驀地身後呼的一聲低沉的呼嘯,地上的顫動又比剛纔猛烈了幾分,眩暈中我忙回頭看去,只見身後不遠處的怪井,井口竟開得有四五米大小,整整比原來的井口大了一倍多,昏黃的井水裹着泥沙從井中噴出,象暴雨一樣“嘩嘩啦啦,落到的井的丈許方圓,自然我與老孫還有伊利嚮導都無一倖免,看着這樣古怪詭異的噴泉,也不知道這井水有沒有毒,說不定這樣井噴,連井底的寶藏都一下子噴上來那可好了。或許,是我這種無厘頭的想法真的想映了景,就在腳如同篩子一樣抖動下,我勉力的正要爬起來的時候,只覺後背給一個重重的物什狠狠砸了一下,眼前一黑,胸中一悶,身子竟又撲倒在地。

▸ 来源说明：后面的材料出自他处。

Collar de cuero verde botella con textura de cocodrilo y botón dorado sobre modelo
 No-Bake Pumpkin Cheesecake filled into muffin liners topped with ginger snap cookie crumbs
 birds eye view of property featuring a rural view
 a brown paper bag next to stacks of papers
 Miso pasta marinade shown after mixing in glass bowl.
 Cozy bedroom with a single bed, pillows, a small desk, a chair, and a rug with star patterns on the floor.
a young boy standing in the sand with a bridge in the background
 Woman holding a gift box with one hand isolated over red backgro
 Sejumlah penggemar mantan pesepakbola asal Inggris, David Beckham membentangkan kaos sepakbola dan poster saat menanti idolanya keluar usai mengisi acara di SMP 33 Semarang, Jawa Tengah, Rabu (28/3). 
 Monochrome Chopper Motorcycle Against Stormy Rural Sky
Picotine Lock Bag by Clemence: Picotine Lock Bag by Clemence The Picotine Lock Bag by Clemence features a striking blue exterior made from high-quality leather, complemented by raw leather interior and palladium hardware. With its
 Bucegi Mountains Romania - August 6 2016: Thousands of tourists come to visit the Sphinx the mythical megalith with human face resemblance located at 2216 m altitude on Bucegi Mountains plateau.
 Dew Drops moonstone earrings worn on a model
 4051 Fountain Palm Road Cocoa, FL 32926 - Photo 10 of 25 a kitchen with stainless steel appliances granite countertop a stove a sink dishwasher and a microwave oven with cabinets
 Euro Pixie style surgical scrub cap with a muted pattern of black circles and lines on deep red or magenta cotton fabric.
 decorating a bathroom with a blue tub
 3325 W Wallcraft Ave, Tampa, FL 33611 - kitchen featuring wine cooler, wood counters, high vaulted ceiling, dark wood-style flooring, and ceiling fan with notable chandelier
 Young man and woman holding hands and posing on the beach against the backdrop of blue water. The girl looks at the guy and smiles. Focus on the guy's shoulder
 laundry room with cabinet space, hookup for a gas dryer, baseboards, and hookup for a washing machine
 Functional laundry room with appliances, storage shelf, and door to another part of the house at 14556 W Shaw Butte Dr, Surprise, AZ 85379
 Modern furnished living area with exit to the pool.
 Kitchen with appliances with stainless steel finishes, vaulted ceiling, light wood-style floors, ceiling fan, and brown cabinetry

與此同時,我突然覺得腳下的地古怪的動了起來,我之所以說他古怪的動,是我身下沙土,給一股大力顛的紛紛飛動散落,在這股大力下我也給顛起三四尺高,塵埃沙土飛揚瀰漫,直嗆的我眼淚鼻涕直流,不住的咳嗽。

身子在落下之後,我也不理什麼怪異不怪異,也不知那裡來的力氣,伸臂屈膝直向前面爬去,只知道身下一定有個古怪的東西,在弄神搞怪,雖然眼上都已被淚水和的沙塵彌住,可就在我的爬行當中,我的手指已經清楚的告訴我,我身下這個怪物一定碩大無比,因爲沙子下面那軟而有彈性的東西,分明是這頭龐然大物的肌膚,而那個井口恰恰就是怪物的嘴巴,剛纔我已經將自己送入怪物的口中,那東西竟沒吃了我,真是謝天謝地神佛睜睛。

一步兩步三步——

在巨身下巨烈的顫動之下,我努力的爬着,我正慶幸自己離危險越來越遠,可突然,臉上一 陣冰涼劃過,一隻冷而滑的似是手掌一樣的東西,按上了我的脖子上,我心頭立轉,這肯定——肯定是剛纔在井中看到的那個怪物,他——他來要我命來了!